[Start of section]
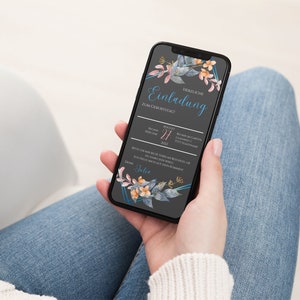 May include: A smartphone displaying a digital invitation with a floral design. The invitation reads "Herzliche Einladung zum Geburtstag!" with a date of August 27, 2022.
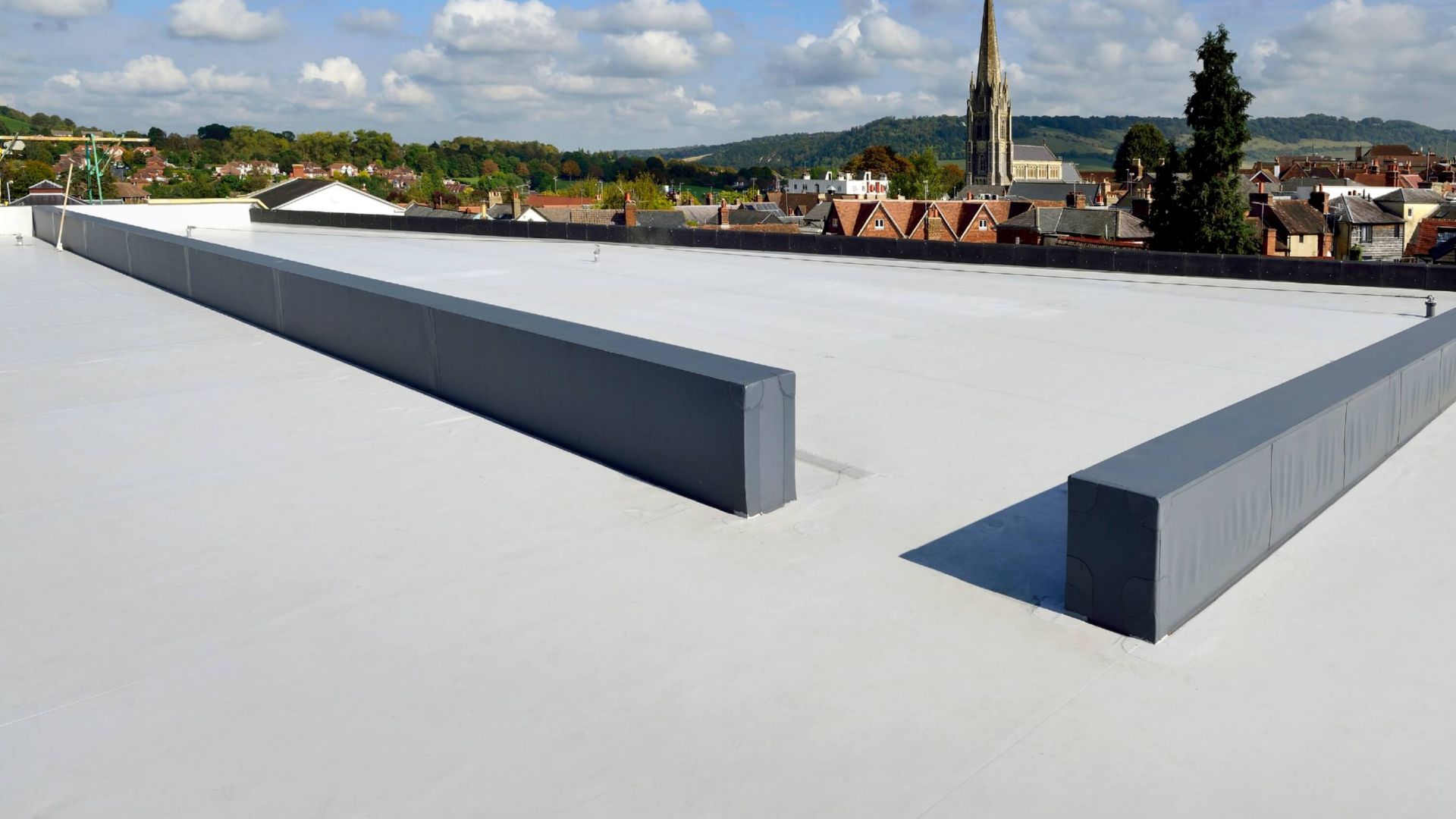 Single-ply membrane roofing system on a completed flat roof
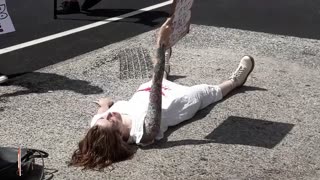 GROSS! Abortion Activist with Red Stain on Crotch Lies in Front of Supreme Court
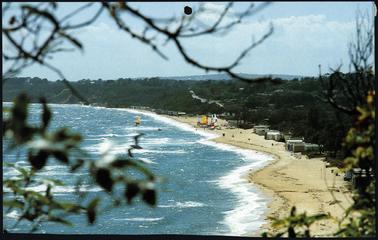This is a sweeping view of Mount Martha beach taken from above, and looking down. The sea is on the left of the photo, and the beach on the right. There are many bathing boxes visible, and in the centre of the photo are several yachts on the beach. It is a sunny day, and the sea is very blue. Only one yacht can be seen on the water.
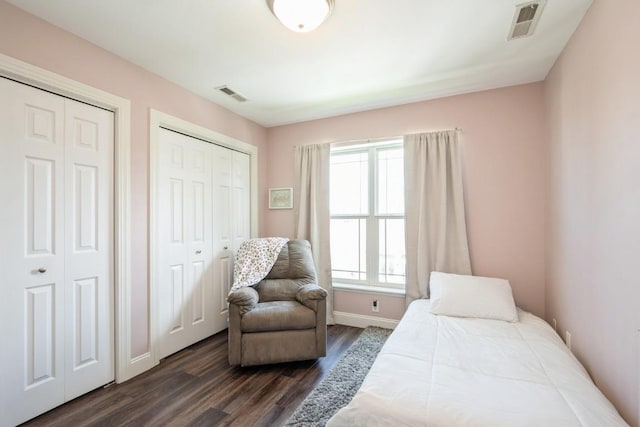 2654 Mulberry Ct, Marion, IA 52302 - bedroom featuring multiple closets and dark wood finished floors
[End of section]
● **HOW TO COMPLETE THIS TASK**
In the listing above, find the line containing "GROSS! Abortion Activist" and the line containing "This is a sweeping"; print those lines and every line between them exactly, leaving out pictures.

● **RESULT OF THE TASK**
 GROSS! Abortion Activist with Red Stain on Crotch Lies in Front of Supreme Court
This is a sweeping view of Mount Martha beach taken from above, and looking down. The sea is on the left of the photo, and the beach on the right. There are many bathing boxes visible, and in the centre of the photo are several yachts on the beach. It is a sunny day, and the sea is very blue. Only one yacht can be seen on the water.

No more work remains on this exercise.